What’s ‘Virginia’ College doing in Mississippi?

You’ve seen the TV commercials, but what do you really know about Virginia College?

At first glance, the proprietary school based in Birmingham, Ala., doesn’t seem to have roots in Virginia. The sign appears out of place in Mississippi. But the lack of name recognition — or name confusion — hasn’t hurt the college. Almost 150 students have enrolled since Virginia College opened its doors in Jackson last fall.

“In most instances, community colleges train their students to go to senior colleges. We train our students to go to work,” said Bill Milstead, director of admissions.

However, Jimmy Smith, vice president for occupational programs at Hinds Community College in Raymond, disagrees.

“Hinds is a comprehensive community college serving the needs of all types of students, whether they are planning to transfer to a university or enter the job market after completing one of our technical or career programs,” he said. “This comprehensiveness includes one-year certificate programs and two-year associate of applied science degrees, plus such training as job skill upgrade, adult basic education and GED preparation.”

Mississippi’s community college system, one the oldest in the country, is actively involved in workforce training and development programs throughout the state.

Olon Ray, executive director of the State Board for Community and Junior Colleges, said proprietary schools fall under the auspices of the community college board as a legal licensure for certain minimum requirements to meet state statutes.

“I don’t know of any complaints about Virginia College,” he said.

In the early to mid-1990s, proprietary schools went through a shake-up when the U.S. Department of Education raised standards for qualification of financial aid programs. Because of an inability to administer financial aid, many proprietary schools folded, including Mississippi-based Phillips College, with 38 schools around the nation.

Danny Seal, director of proprietary schools, a division of the State Board for Community and Junior Colleges, said Virginia College received a good endorsement from the commissioner of Alabama — and seems to have found a niche market in Jackson.

“Other schools in the area are now looking to possibly upgrade their facilities,” he said, adding that the community college board is not an accrediting body nor does it endorse private colleges. “So far, we’ve had a limited history with them, but our dealings with them have been very positive.”

Virginia College was established by the Atlantis Group Inc., and began operations in Roanoke, Va., in 1983. The college received initial approval to grant associate degrees and certificates as a junior college from the State Council of Higher Education in Virginia in 1985. Four years later, Career Futures Inc. purchased Virginia College and continued to operate under the same name.

“We had some resistance to the name initially, but after several years, the name became very recognizable,” said Ken Horne, founder of Virginia College. Horne and his wife, Ann, began working in the career college field in the early 1970s. “When we got to a point where we could change the name, we didn’t want to. Some people say, ‘Why would I want to go to Virginia to go to school?’ and we have to keep selling the fact that it is a local entity and not an entity in Virginia.”

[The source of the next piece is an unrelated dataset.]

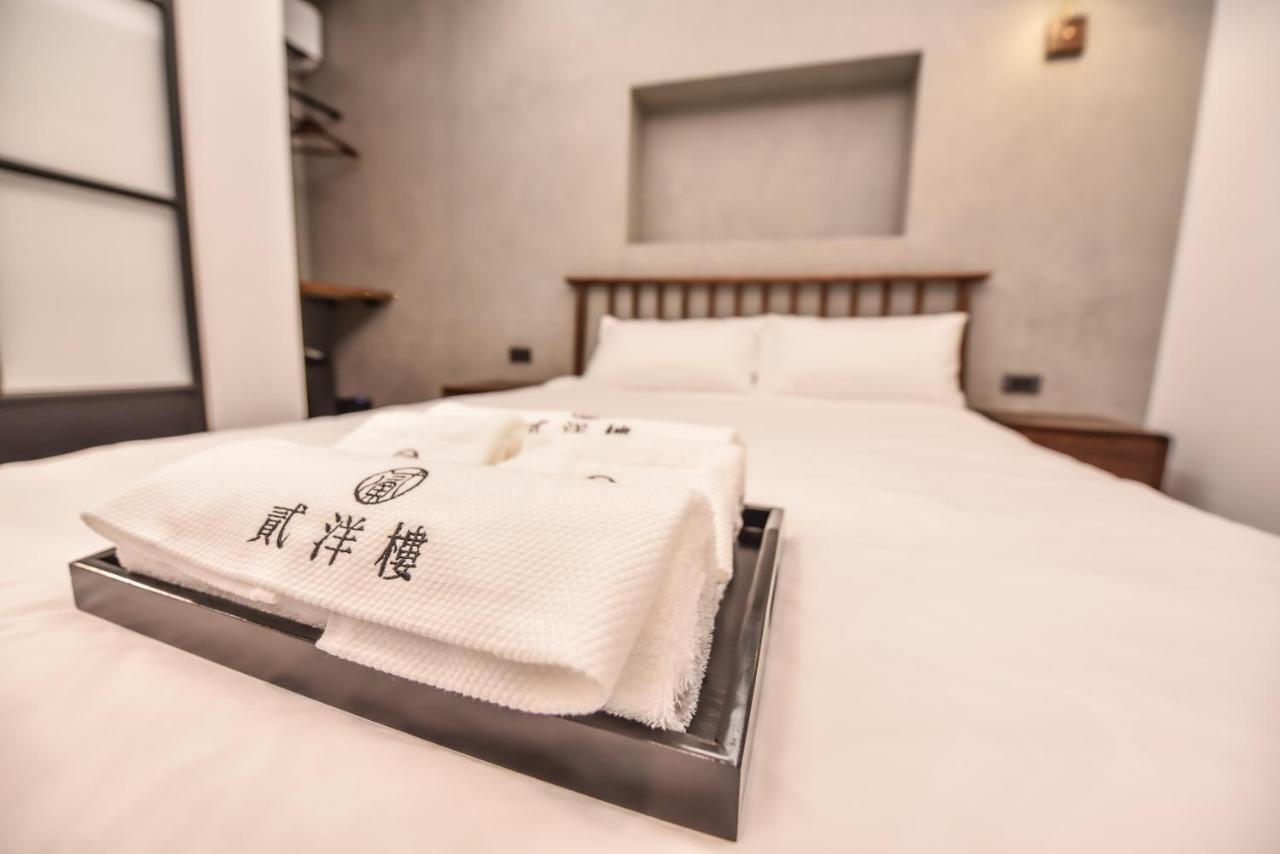 Eryang Homestay Tainan Bagian luar foto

In 1992, the Hornes opened a branch campus in Birmingham, Ala. A year later, another one opened in Huntsville, Ala. In 1995, the main campus was relocated from Salem, Va. to Birmingham, Ala. Last fall, the Jackson campus opened. Other southeastern cities, with a population base of around half a million, are being considered next. A site in Austin, Texas is also high on the list of possibilities, he said.

“We’ve been treated so royally since we’ve come to Jackson that we joked about moving our headquarters here,” said Horne.

The college’s academic focus is primarily on computer training for business and technology, Milstead said.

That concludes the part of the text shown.